Read the data and repeat it in full, exactly.

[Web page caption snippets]
******************************

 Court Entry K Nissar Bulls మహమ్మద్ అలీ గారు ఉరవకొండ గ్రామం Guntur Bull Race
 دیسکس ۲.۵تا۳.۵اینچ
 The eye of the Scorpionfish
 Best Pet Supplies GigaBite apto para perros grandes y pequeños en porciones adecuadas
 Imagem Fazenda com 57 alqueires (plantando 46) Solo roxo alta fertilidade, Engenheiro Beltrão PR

******************************

| Output for this task |
 Court Entry K Nissar Bulls మహమ్మద్ అలీ గారు ఉరవకొండ గ్రామం Guntur Bull Race
 دیسکس ۲.۵تا۳.۵اینچ
 The eye of the Scorpionfish
 Best Pet Supplies GigaBite apto para perros grandes y pequeños en porciones adecuadas
 Imagem Fazenda com 57 alqueires (plantando 46) Solo roxo alta fertilidade, Engenheiro Beltrão PR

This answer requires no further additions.